The provided document is a 510(k) premarket notification for the HydroCoil® Embolic System (HES). This type of submission is for demonstrating substantial equivalence to a legally marketed predicate device, rather than proving that a device meets specific acceptance criteria based on detailed performance studies with clinical outcomes in the way a PMA (Premarket Approval) submission would.

Therefore, the document does not contain the information requested in your prompt regarding acceptance criteria, a specific study proving it, sample sizes for test/training sets, expert consensus details, or MRMC studies.

Instead, it states the following:

1. Table of Acceptance Criteria and Reported Device Performance:

• This information is not present in the document.

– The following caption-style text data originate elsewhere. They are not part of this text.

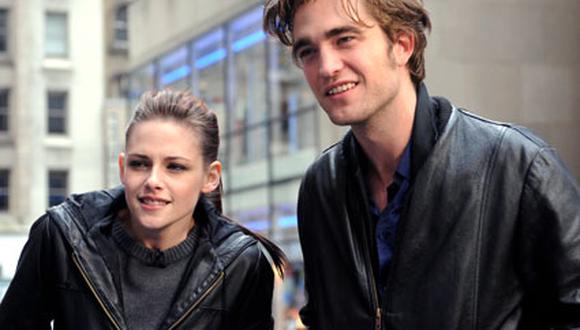 Robert Pattinson: "Ahora  vivo en un barril de basura"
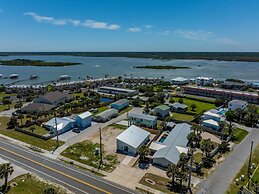 100 Steps to Sand Free Parking Smart TV Patio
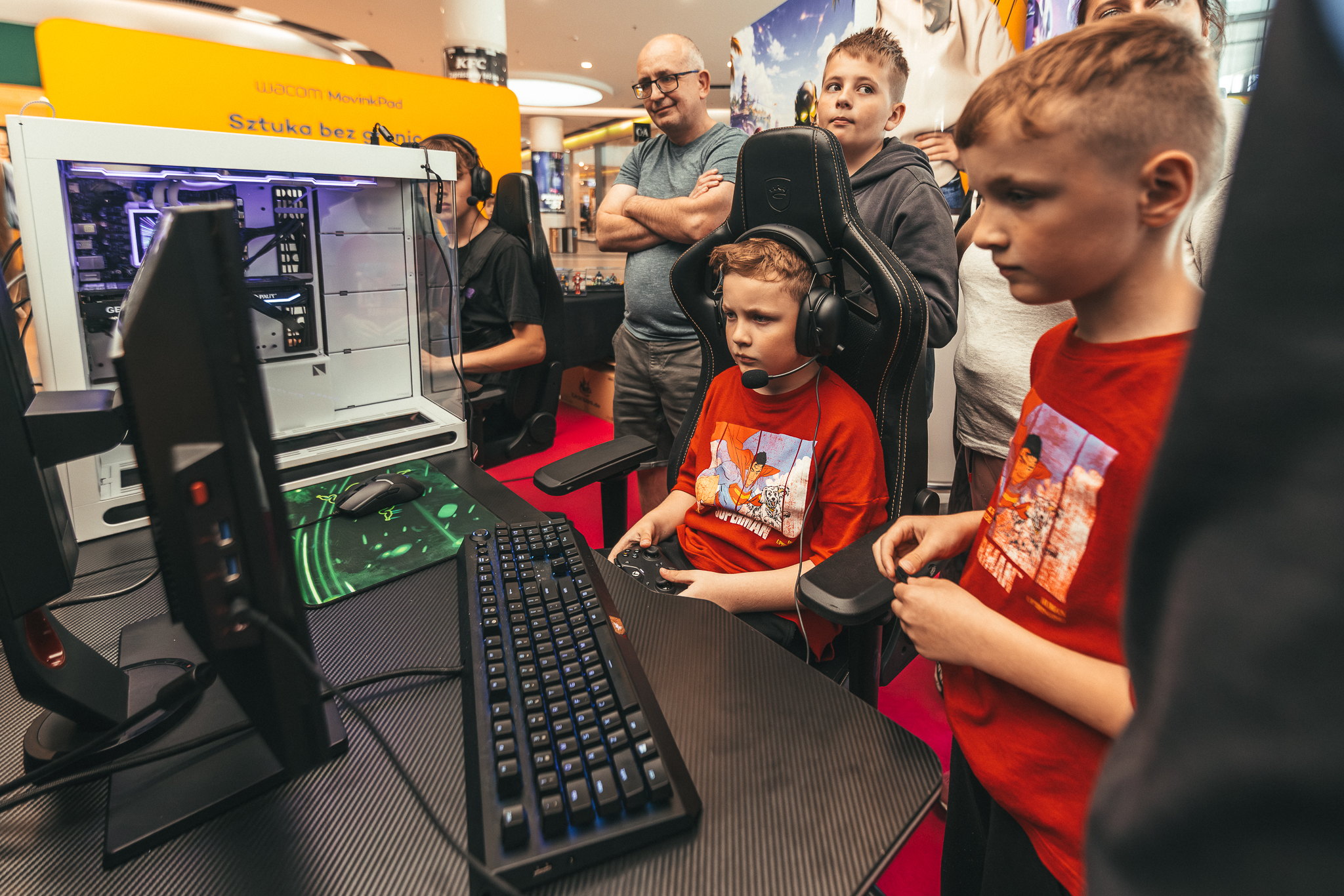 Fortnite Event w Galerii Victoria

The document states that "Performance testing has demonstrated that the HydroCoil® Embolic System (HES) with the HES-HC-S (10) coils is equivalent in performance to the predicate devices." However, it does not provide specific acceptance criteria or the numerical results of this performance testing.

2. Sample size used for the test set and the data provenance:

• This information is not present in the document.

3. Number of experts used to establish the ground truth for the test set and the qualifications of those experts:

• This information is not present in the document.

4. Adjudication method for the test set:

• This information is not present in the document.

5. If a multi-reader multi-case (MRMC) comparative effectiveness study was done, and the effect size of how much human readers improve with AI vs without AI assistance:

• This information is not present in the document. The device in question is an embolization coil, not an AI-assisted diagnostic tool.

6. If a standalone (i.e. algorithm only without human-in-the loop performance) was done:

• This information is not present in the document. The device is an embolization coil, not an algorithm.

7. The type of ground truth used:

• This information is not present in the document.

8. The sample size for the training set:

• This information is not present in the document.

9. How the ground truth for the training set was established:

• This information is not present in the document.

In summary, the provided document focuses on demonstrating substantial equivalence to predicate devices based on technological characteristics, indications for use, design, materials, packaging, and sterilization. It does not provide the detailed performance study data, acceptance criteria, or ground truth establishment methods typically found in clinical trials or AI algorithm validation studies.